Haugen, of course, is the former Facebook employee who leaked tens of thousands of pages of company documents to the U.S. authorities and the press this fall. The documents showed that Facebook—which renamed itself in the wake of the revelations—knew far more about the harms of its products, especially Facebook and Instagram, than it ever let on in public.
When I asked her about the metaverse, Haugen’s answer focused on the extra forms of surveillance that would be necessary for any meaningful kind of metaverse experience. “I am worried that if companies become metaverse companies, individuals won’t get to consent anymore on whether or not to have Facebook’s sensors—their microphones in their homes,” Haugen told me. “This company—which has already shown it lies to us whenever it’s in its own interests—we’re supposed to put cameras and microphones for them in our homes?” she said.
I also asked Haugen: what kinds of safety risks don’t exist today, but might exist in a future where we live parts of our lives in the metaverse? “I’m super scared,” she said. Then, she launched into a thought experiment:
“So, just imagine this with me. When you go into the metaverse, your avatar is a little more handsome or pretty than yourself. You have better clothes than we have in reality. The apartment is more stylish, more calm. And you take your headset off and you go to brush your teeth at the end of the night. And maybe you just don’t like yourself in the mirror as much. That cycle… I’m super worried that people are going to look at their apartment, which isn’t as nice, and look at their face or their body, which isn’t as nice, and say: ‘I would rather have my headset on.’ And I haven’t heard Facebook articulate any plan on what to do about that.”

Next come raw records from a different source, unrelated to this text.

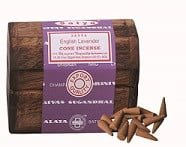 [90733] Satya Lavender Incense Burner Box with Cones – 12 Cones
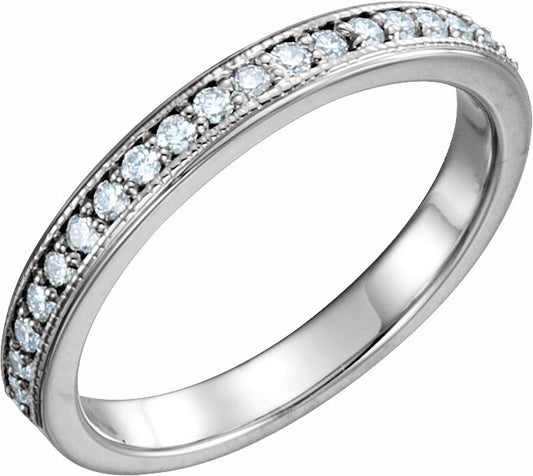 14K White 1/3 CTW Diamond Anniversary Band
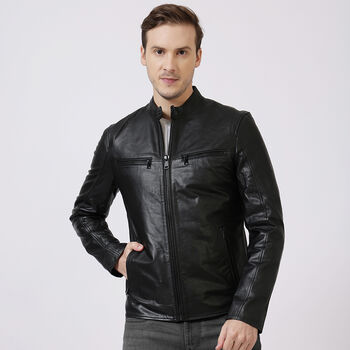 Mens' Sheepskin Luxury Leather Jacket, 2 of 10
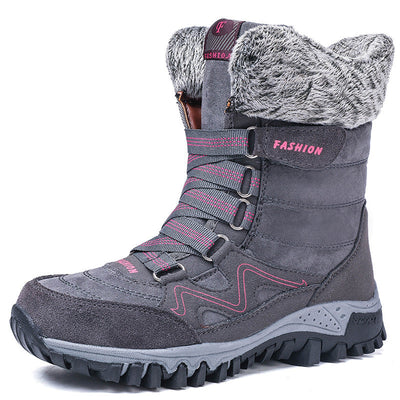 Damen Isolierte Wasserdichte Winterstiefel Fudus
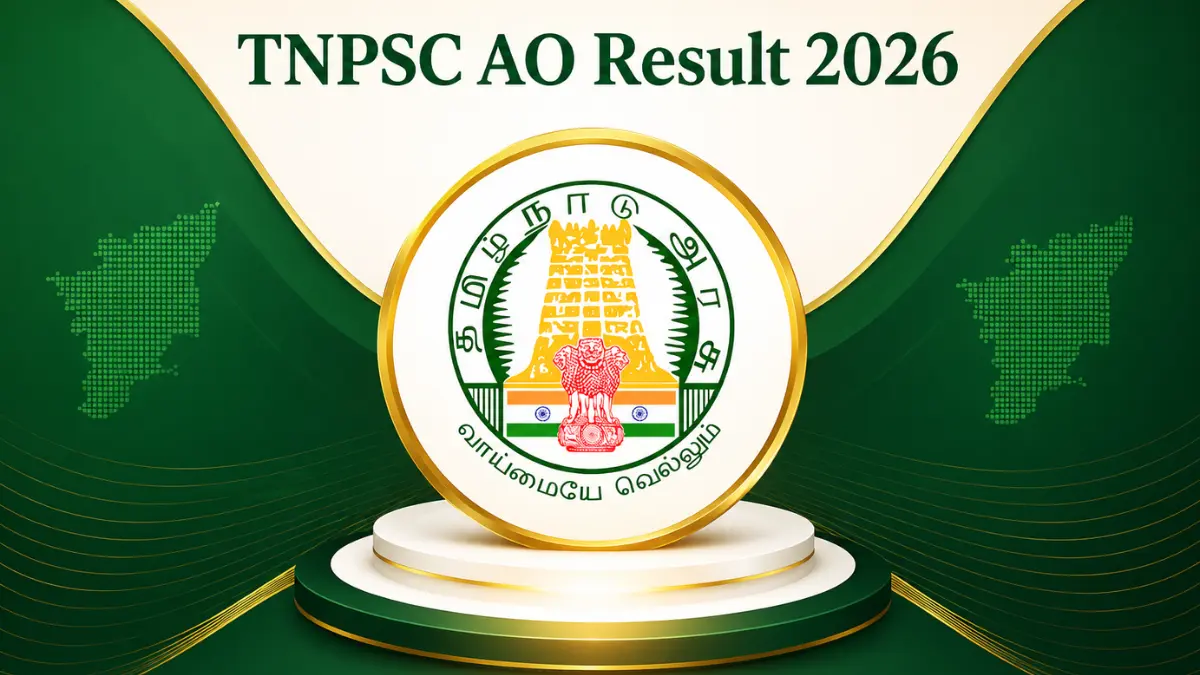 TNPSC AO Result 2026 Out at tnpsc.gov.in, Download Merit List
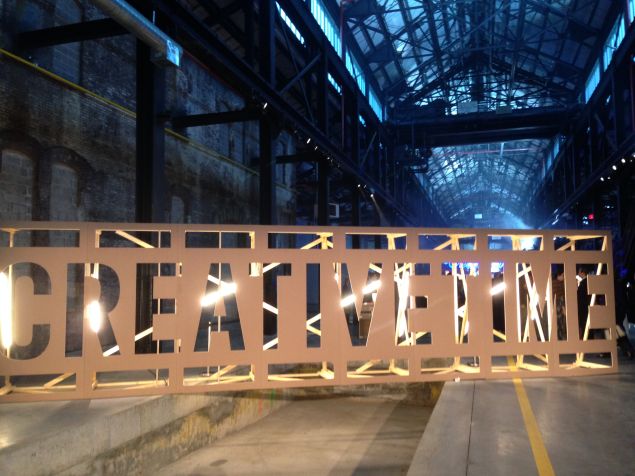 Creative Time gala at the Brooklyn Navy Yard.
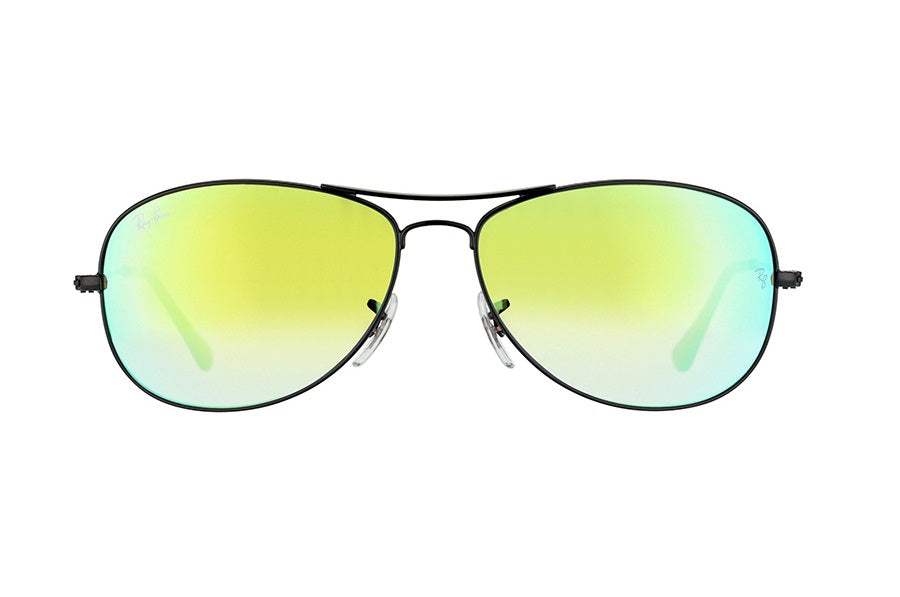 Ray Ban RB 3362 002-4J Cockpit - Black-Green Gradient Flash by Ray Ban for Unisex - 59-14-135 mm Sunglasses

Haugen’s answer vividly took me back to one of the documents that made up part of her whistleblower disclosures. It was about the impact of Instagram on the mental health of teenagers, particularly teenage girls. Facebook’s own researchers had run some surveys and found, among other shocking statistics, that of teenage girls who said they experienced bad feelings about their bodies, 32% said Instagram made them feel worse. Among teens who said they had suicidal thoughts, 13% of American users and 6% of British users traced those thoughts to Instagram, the documents (first reported by the Wall Street Journal) showed.

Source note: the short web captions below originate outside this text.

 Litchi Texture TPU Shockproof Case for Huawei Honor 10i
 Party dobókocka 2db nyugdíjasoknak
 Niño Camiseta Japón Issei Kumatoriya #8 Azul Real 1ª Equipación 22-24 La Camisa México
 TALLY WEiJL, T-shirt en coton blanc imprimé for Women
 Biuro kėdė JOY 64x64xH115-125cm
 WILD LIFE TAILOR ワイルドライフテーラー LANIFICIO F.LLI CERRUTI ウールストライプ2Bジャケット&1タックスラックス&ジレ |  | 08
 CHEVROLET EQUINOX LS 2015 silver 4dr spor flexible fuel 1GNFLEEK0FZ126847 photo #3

In the wake of the Instagram revelations, Facebook said that overall research has shown social media usage can be positive, as well as detrimental to mental health, and that it is experimenting with new ways to make Instagram safer for vulnerable users. On Dec. 7, Instagram said it would begin “nudging teens toward different topics if they’ve been dwelling on one topic for a long time,” and would soon be launching new tools for parents and guardians to “get them more involved” in what their teenagers do on the platform.
Two months after the disclosures, it is unclear to what extent Facebook is prepared to admit that its platforms are responsible for real-world harms. “The individual humans are the ones who choose to believe or not believe a thing; they are the ones who choose to share or not share a thing,” said Andrew Bosworth, the Meta executive currently responsible for augmented and virtual reality in an interview with Axios on HBO that aired Sunday.
When the company even acknowledges the harms it contributes to, its fixes are often retrospective and partial. Should the public trust the company will do things differently with its version of the metaverse? I asked Haugen whether she trusted Zuckerberg when he said, in his keynote, that he would build safety into Facebook’s metaverse from the beginning.
“I think the question is not whether or not I believe him or not,” Haugen said. “I believe any technology with that much influence deserves oversight from the public.”
That message cuts to the heart of a systemic problem that has always been true for technology. Technologists build the future. Democratic and civic institutions take time to step in and set limits about what is acceptable in that new world—including protections for vulnerable people, safeguards against misinformation and polarization and restrictions on monopolistic power. Facebook jettisoned its controversial motto “move fast and break things” in 2014, but the phrase still neatly encapsulates how the company—and the wider industry—works when introducing new tech to the world.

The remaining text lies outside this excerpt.